Paget's disease should be tested using a combination of blood tests and imaging studies, starting with a blood test measuring alkaline phosphatase (ALP) levels, followed by more specific bone turnover markers, and then confirmed with imaging studies such as X-rays, bone scans, CT scans, or MRI. When testing for Paget's disease, it is essential to consider the differential diagnosis, which includes osteoporosis, degenerative disease, and Paget’s disease of bone, as noted in the ESMO clinical practice guidelines 1. The initial screening typically involves blood tests to measure ALP levels, which are often elevated in Paget's disease due to increased bone turnover. If ALP is elevated, more specific bone turnover markers like P1NP or NTX may be ordered to further investigate the condition. Imaging studies are crucial for diagnosis, with X-rays of affected areas being the first step, which may show characteristic changes like bone enlargement, deformities, or a mixed pattern of dense and less dense bone. A bone scan using technetium-99m, as mentioned in the context of detecting skeletal pathology 1, can reveal areas of increased bone activity throughout the skeleton, even in asymptomatic regions. CT scans or MRI may be used for more detailed evaluation, especially if complications like fractures or nerve compression are suspected, providing structural information on skeletal damage, similar to their use in metastatic bone disease 1. In some cases, a bone biopsy may be necessary to confirm the diagnosis or rule out other conditions like bone cancer. This comprehensive approach helps clinicians accurately diagnose Paget's disease and determine its extent, which is crucial for developing an appropriate treatment plan, prioritizing morbidity, mortality, and quality of life as the primary outcomes. Key points to consider when testing for Paget's disease include:

  • Initial screening with blood tests measuring ALP levels
  • Use of more specific bone turnover markers if ALP is elevated
  • Imaging studies, including X-rays, bone scans, CT scans, or MRI, to confirm diagnosis and evaluate extent of disease
  • Consideration of differential diagnosis, including osteoporosis and degenerative disease
  • Potential use of bone biopsy to confirm diagnosis or rule out other conditions.

From the FDA Drug Label

Paget’s disease of bone (osteitis deformans) is an idiopathic disease characterized by chronic, focal areas of bone destruction complicated by concurrent excessive bone repair, affecting one or more bones. These changes result in thickened but weakened bones that may fracture or bend under stress Signs and symptoms may be bone pain, deformity, fractures, neurological disorders resulting from cranial and spinal nerve entrapment and from spinal cord and brain stem compression, increased cardiac output to the involved bone, increased serum alkaline phosphatase levels (reflecting increased bone formation) and/or urine hydroxyproline excretion (reflecting increased bone resorption)

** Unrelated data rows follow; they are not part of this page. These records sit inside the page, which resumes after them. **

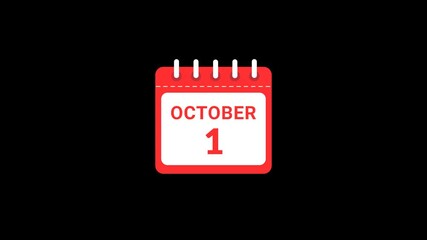 1 October Date Calendar Icon Animation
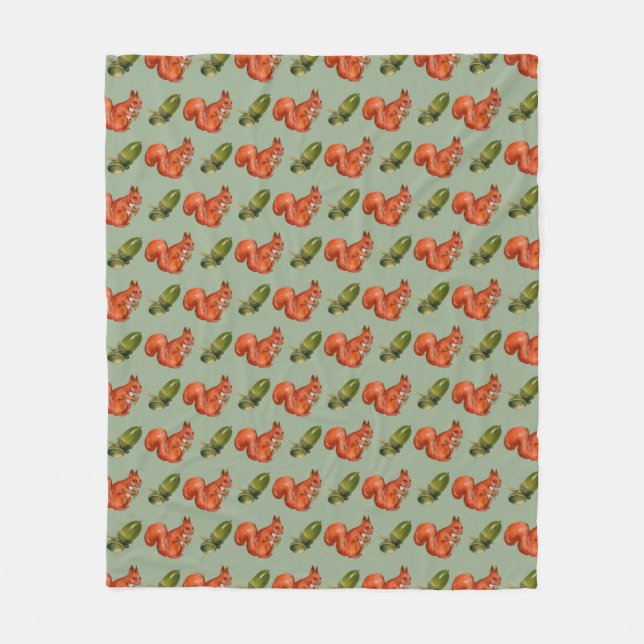 Squirrel and Acorn Pattern Green Fleecedecke (Vorderseite)
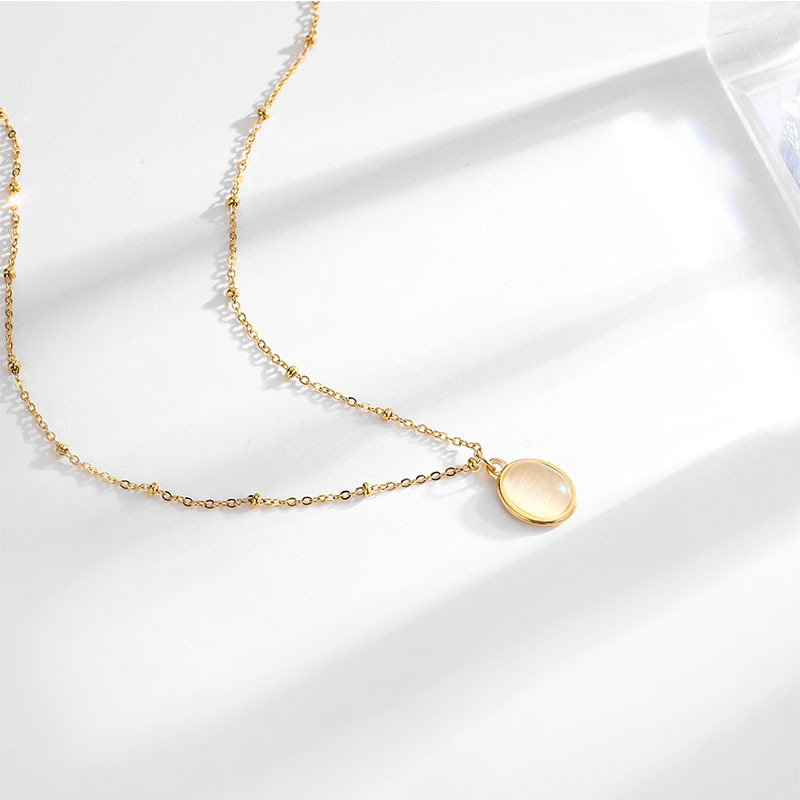 Simple Style Geometric Titanium Steel Plating Opal Necklace 1 Piece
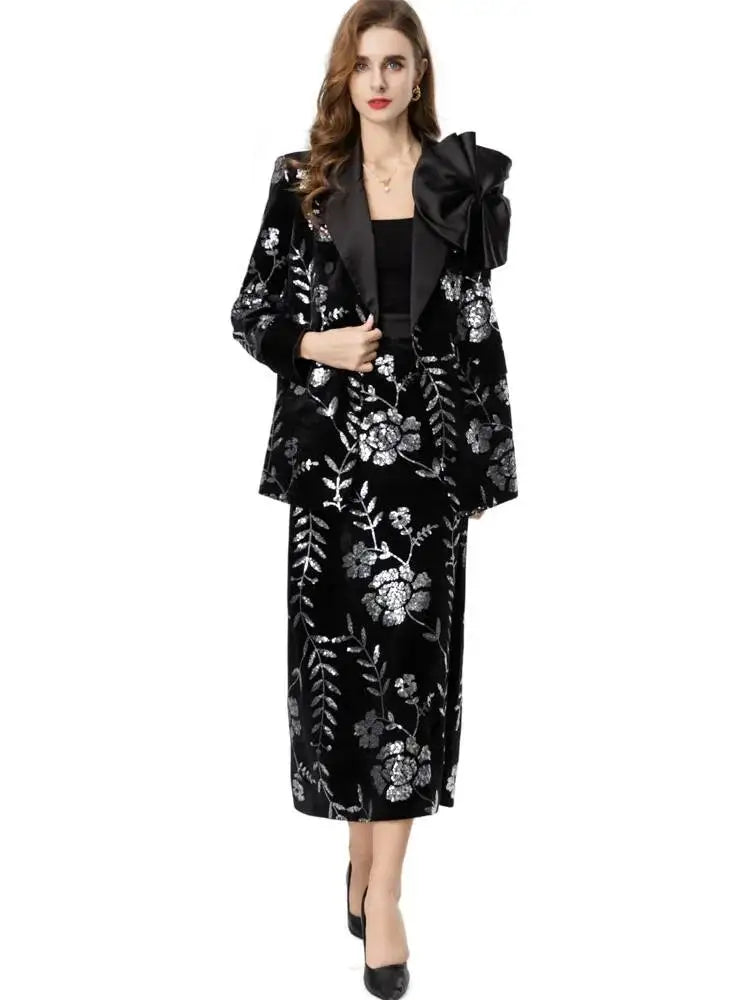 Black sequined floral blazer and split skirt suit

The diagnosis of Paget's disease can be supported by:

  • Increased serum alkaline phosphatase levels
  • Increased urine hydroxyproline excretion
  • Bone pain
  • Deformity
  • Fractures
  • Neurological disorders Testing for Paget's disease may involve measuring:
  • Serum alkaline phosphatase (SAP) levels
  • Urine hydroxyproline/creatinine ratios (UOHP/C) 2

From the Research

Diagnosis of Paget's Disease

To diagnose Paget's disease, the following methods can be used:

  • Plain radiographs of the suspicious regions of the skeleton are recommended for patients with suspected Paget's disease 3, 4, 5
  • Radionuclide bone scans are recommended for assessing the extent of Paget's disease 6, 4, 7
  • Serum total alkaline phosphatase (ALP) is recommended as a first-line biochemical screening test in combination with liver function tests in screening for the presence of metabolically active PDB 6, 5
  • More specific markers of bone formation or bone resorption, such as PINP (intact N-terminal type 1 procollagen propeptide) or CTX (cross-linked C-telopeptide), can be used for initial biochemical evaluation 5

Biochemical Evaluation

After diagnosis, the following biochemical evaluations can be used to assess the response to treatment or evolution of the disease:

  • Measurement of serum total alkaline phosphatase or more specific markers of bone formation or bone resorption 4, 5
  • Serial radionuclide bone scans may determine the response to treatment if the markers are normal 4
  • Biochemical follow-up is recommended to be used as a more objective indicator of relapse rather than symptoms 5

Treatment

The mainstay of treatment for Paget's disease is bisphosphonate therapy, with zoledronic acid being the most effective agent:

  • A single 5-mg dose of intravenous zoledronic acid is the current standard therapy for Paget's disease 6, 4, 7, 5
  • Bisphosphonates are recommended for the treatment of bone pain associated with Paget's disease 6, 4, 7, 5
  • Treatment with a bisphosphonate is recommended for most patients with active Paget's disease who are at risk for further skeletal and extraskeletal complications 4, 5

References

Guideline

Guideline Directed Topic Overview

Dr.Oracle Medical Advisory Board & Editors, 2025

Research

Paget's disease of bone: A clinical update.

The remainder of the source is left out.